> **WHAT NEEDS TO BE DONE**: Every entry below should be copied exactly, minus the pictures.

(Image-caption web data)

□ □ □ □ □ □ □

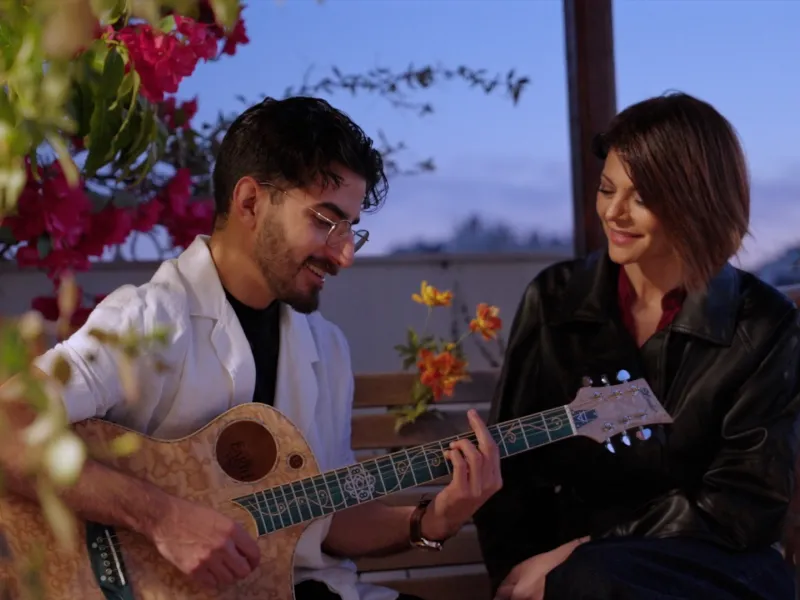 «H Ζωή σου όλη»: Η Χριστίνα Βίδου συναντά τον Papazó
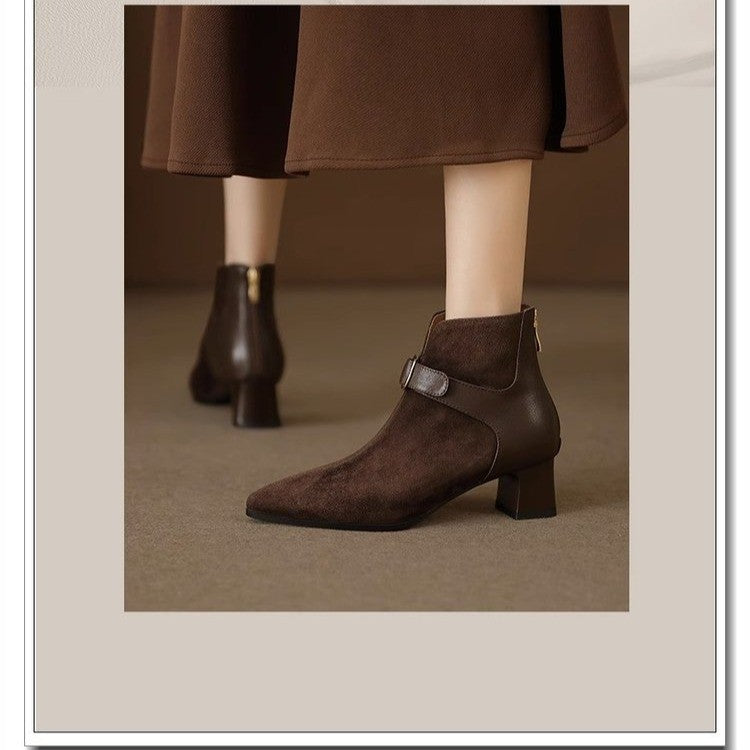 Damen elegante spitze Velours-Ankle-Boots mit mittelhohem Blockabsatz und Zierspange Shop Nory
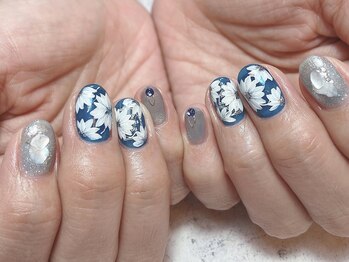 シキナ(shikina)/フラワー　手描き　キラキラ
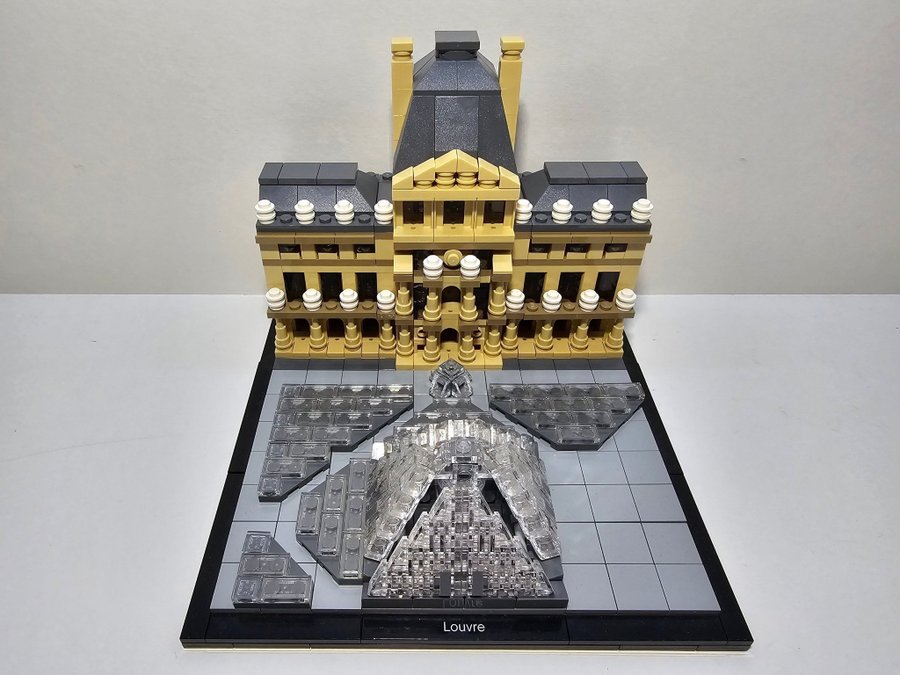 Lego Architecture Louvre 21024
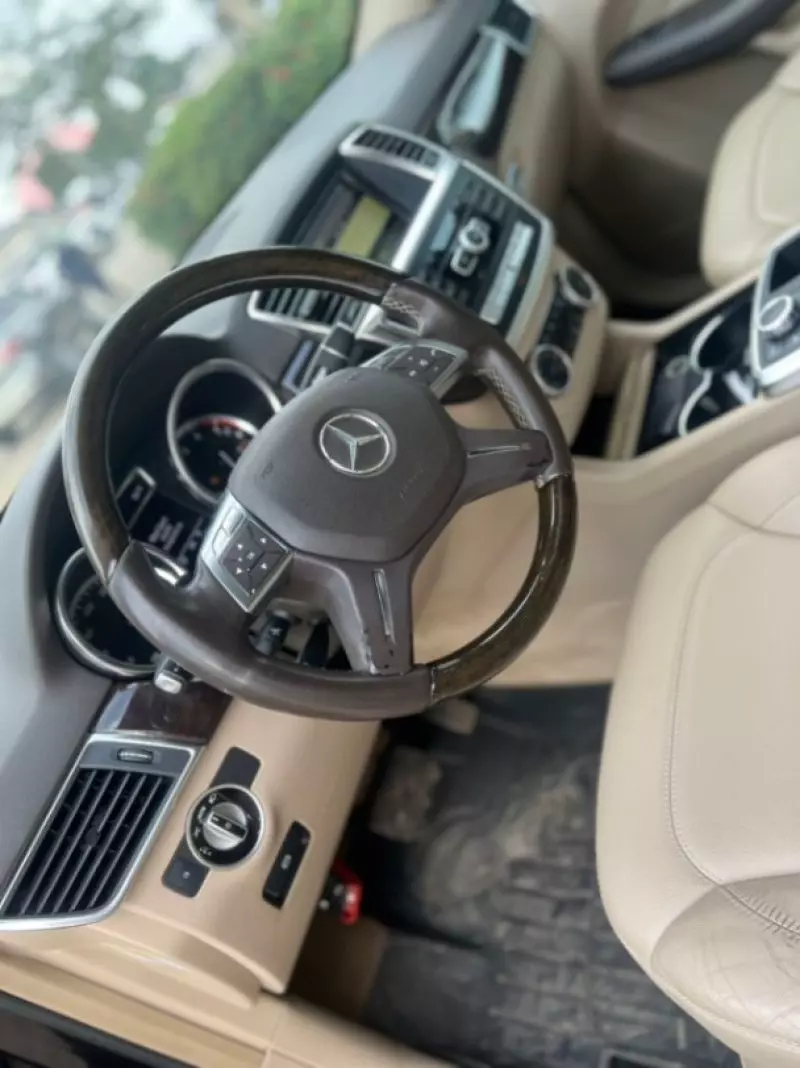 Mercedes-Benz GLA-Class   - 2015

□ □ □ □ □ □ □

> **ANSWER TO THIS PROBLEM**:
 «H Ζωή σου όλη»: Η Χριστίνα Βίδου συναντά τον Papazó
 Damen elegante spitze Velours-Ankle-Boots mit mittelhohem Blockabsatz und Zierspange Shop Nory
 シキナ(shikina)/フラワー　手描き　キラキラ
 Lego Architecture Louvre 21024
 Mercedes-Benz GLA-Class   - 2015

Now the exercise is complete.